▶ **About this task**: Give again, word for word, each line below starting at the one that contains "Porsche Macan 2020 — Şəkil 27/34" and ending at the one that contains "CYLINDRE MAXISCOOTER ADAPTABLE".

▶ **Extracted data**:
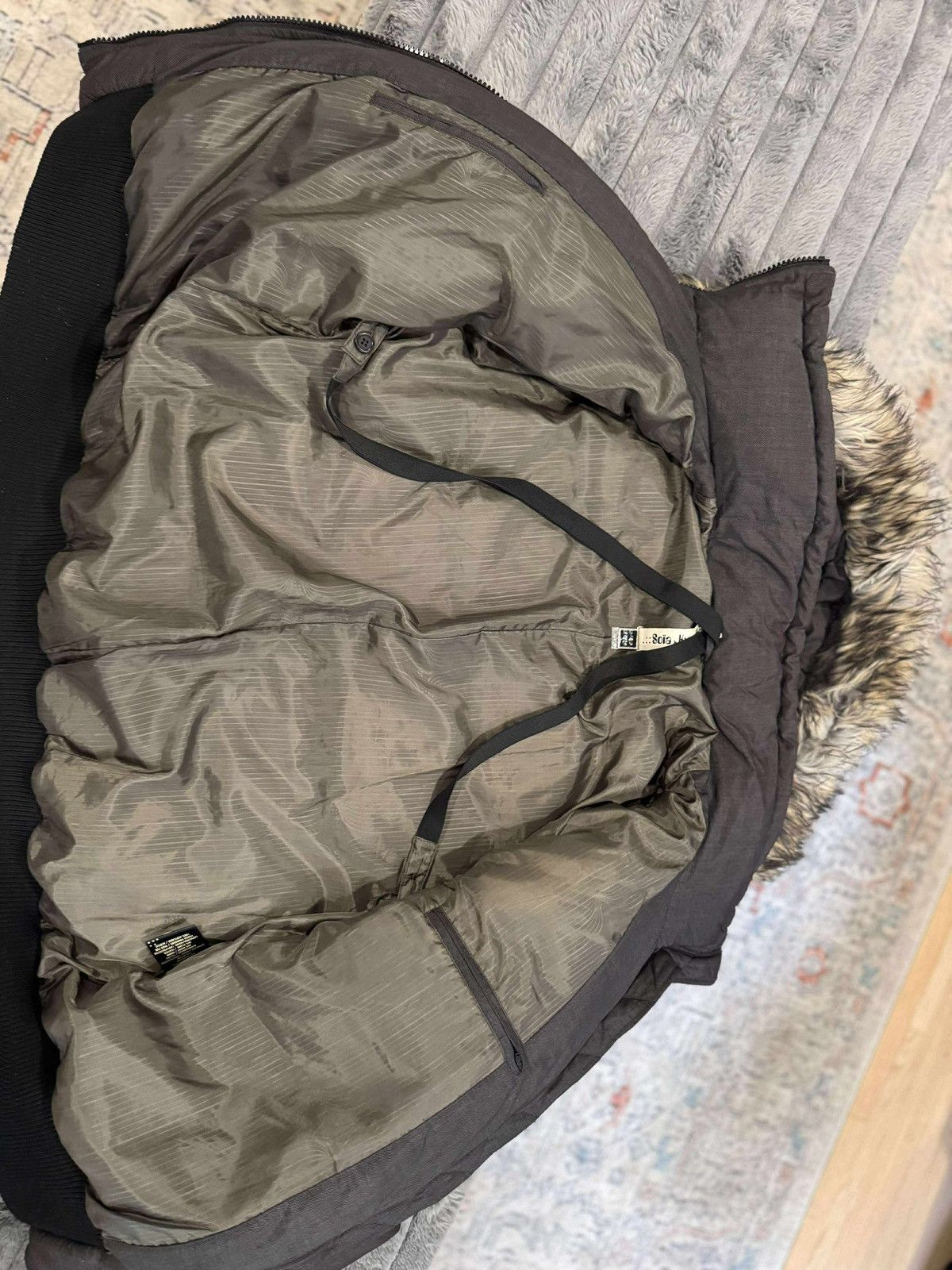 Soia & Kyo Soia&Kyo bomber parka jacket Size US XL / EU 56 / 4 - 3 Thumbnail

--

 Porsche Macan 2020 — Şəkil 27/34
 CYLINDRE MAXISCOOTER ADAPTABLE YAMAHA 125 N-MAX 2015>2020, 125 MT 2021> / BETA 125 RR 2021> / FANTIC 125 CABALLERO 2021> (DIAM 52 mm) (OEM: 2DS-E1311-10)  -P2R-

▶ **Finished exercise**:
 Porsche Macan 2020 — Şəkil 27/34
 CYLINDRE MAXISCOOTER ADAPTABLE YAMAHA 125 N-MAX 2015>2020, 125 MT 2021> / BETA 125 RR 2021> / FANTIC 125 CABALLERO 2021> (DIAM 52 mm) (OEM: 2DS-E1311-10)  -P2R-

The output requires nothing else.